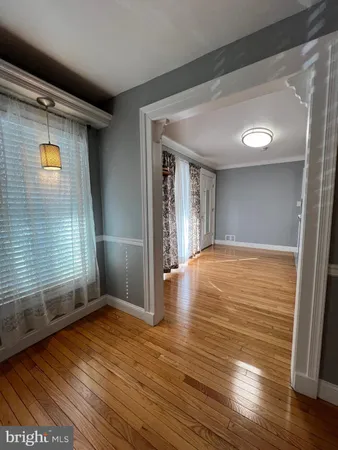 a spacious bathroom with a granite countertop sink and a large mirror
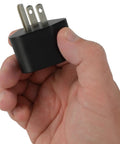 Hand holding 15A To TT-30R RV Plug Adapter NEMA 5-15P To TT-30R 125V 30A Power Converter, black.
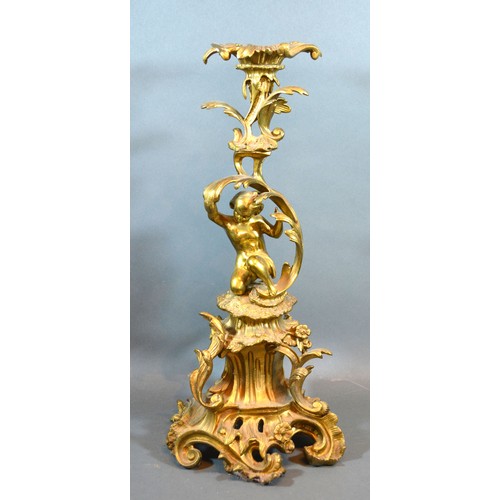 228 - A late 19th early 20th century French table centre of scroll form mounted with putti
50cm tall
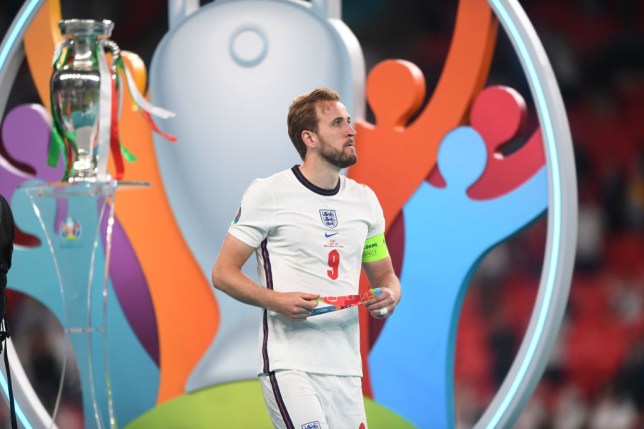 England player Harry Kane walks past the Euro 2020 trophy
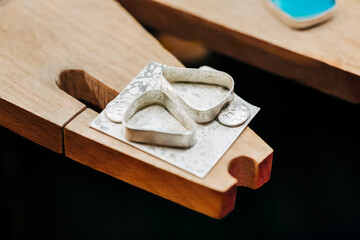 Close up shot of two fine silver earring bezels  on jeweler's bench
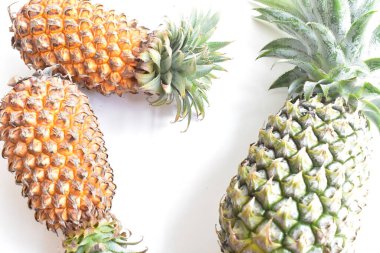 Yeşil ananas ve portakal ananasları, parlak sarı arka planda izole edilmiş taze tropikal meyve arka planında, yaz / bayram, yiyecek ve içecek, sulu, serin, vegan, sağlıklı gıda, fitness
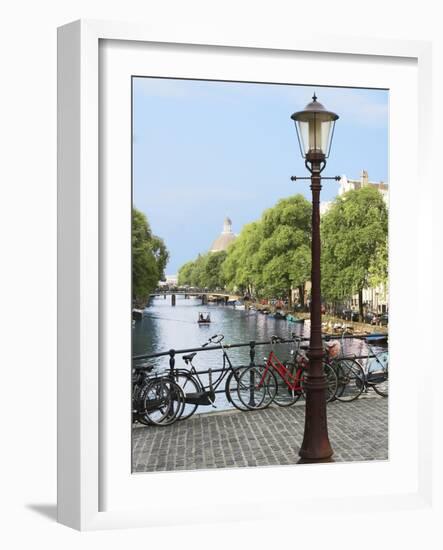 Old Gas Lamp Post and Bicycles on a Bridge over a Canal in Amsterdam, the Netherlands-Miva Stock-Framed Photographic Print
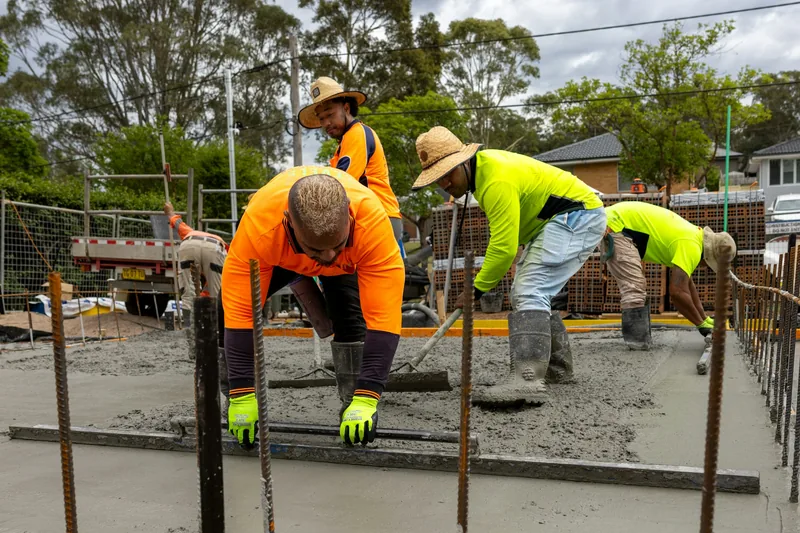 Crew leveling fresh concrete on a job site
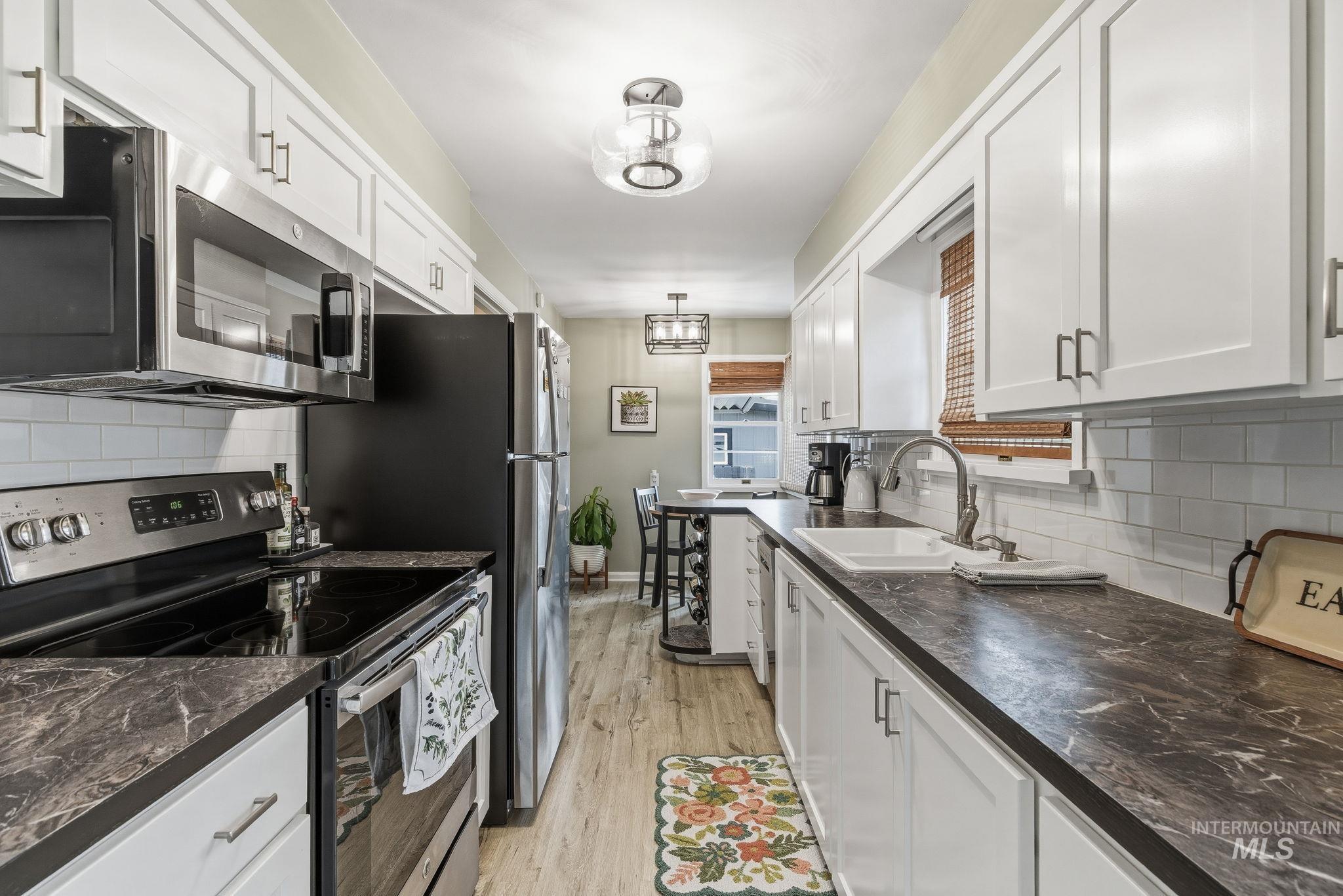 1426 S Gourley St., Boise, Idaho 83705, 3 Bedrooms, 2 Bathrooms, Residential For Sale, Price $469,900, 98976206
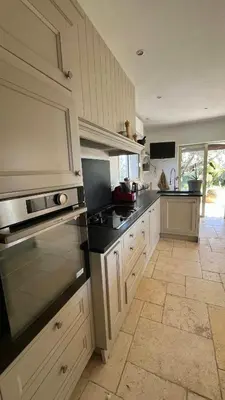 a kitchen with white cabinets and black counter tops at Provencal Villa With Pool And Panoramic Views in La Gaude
==
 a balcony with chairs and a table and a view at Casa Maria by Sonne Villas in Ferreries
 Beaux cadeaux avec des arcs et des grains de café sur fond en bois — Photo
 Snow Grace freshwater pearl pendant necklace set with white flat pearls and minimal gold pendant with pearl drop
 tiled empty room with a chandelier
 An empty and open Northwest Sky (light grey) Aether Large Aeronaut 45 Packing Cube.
==
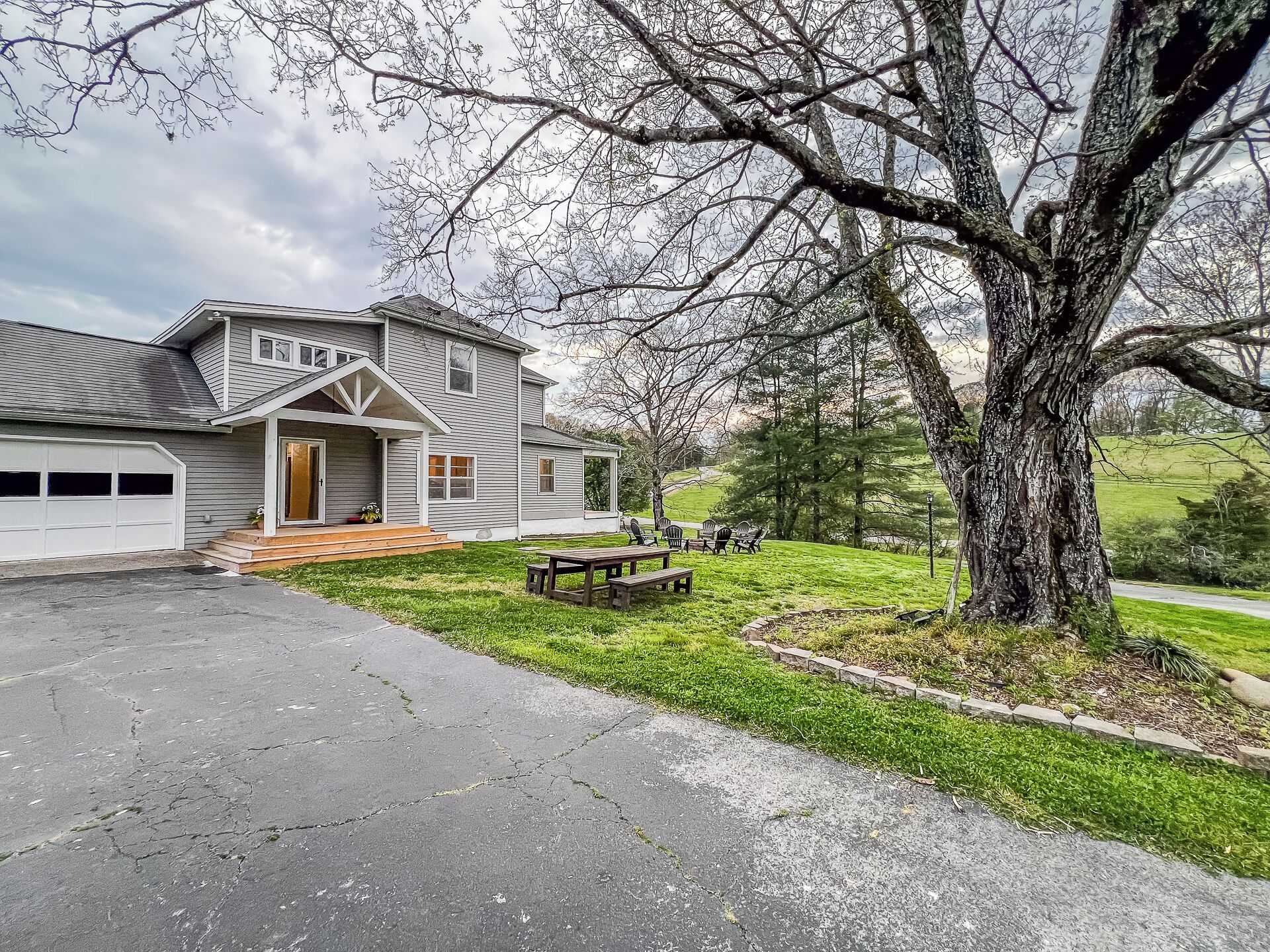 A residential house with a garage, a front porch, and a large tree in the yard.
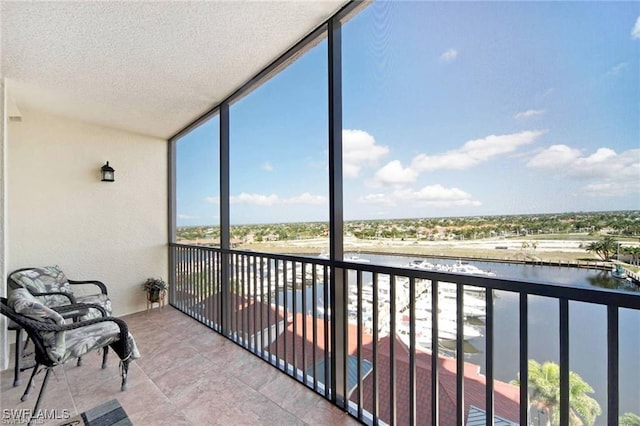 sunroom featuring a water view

▶ The problem: Reproduce, exactly and only, the lines of the records above starting at the line with "Yeşil ananas ve" and ending at the line with "1426 S Gourley", both included. Leave every picture out.

▶ Task response:
 Yeşil ananas ve portakal ananasları, parlak sarı arka planda izole edilmiş taze tropikal meyve arka planında, yaz / bayram, yiyecek ve içecek, sulu, serin, vegan, sağlıklı gıda, fitness
 Old Gas Lamp Post and Bicycles on a Bridge over a Canal in Amsterdam, the Netherlands-Miva Stock-Framed Photographic Print
 Crew leveling fresh concrete on a job site
 1426 S Gourley St., Boise, Idaho 83705, 3 Bedrooms, 2 Bathrooms, Residential For Sale, Price $469,900, 98976206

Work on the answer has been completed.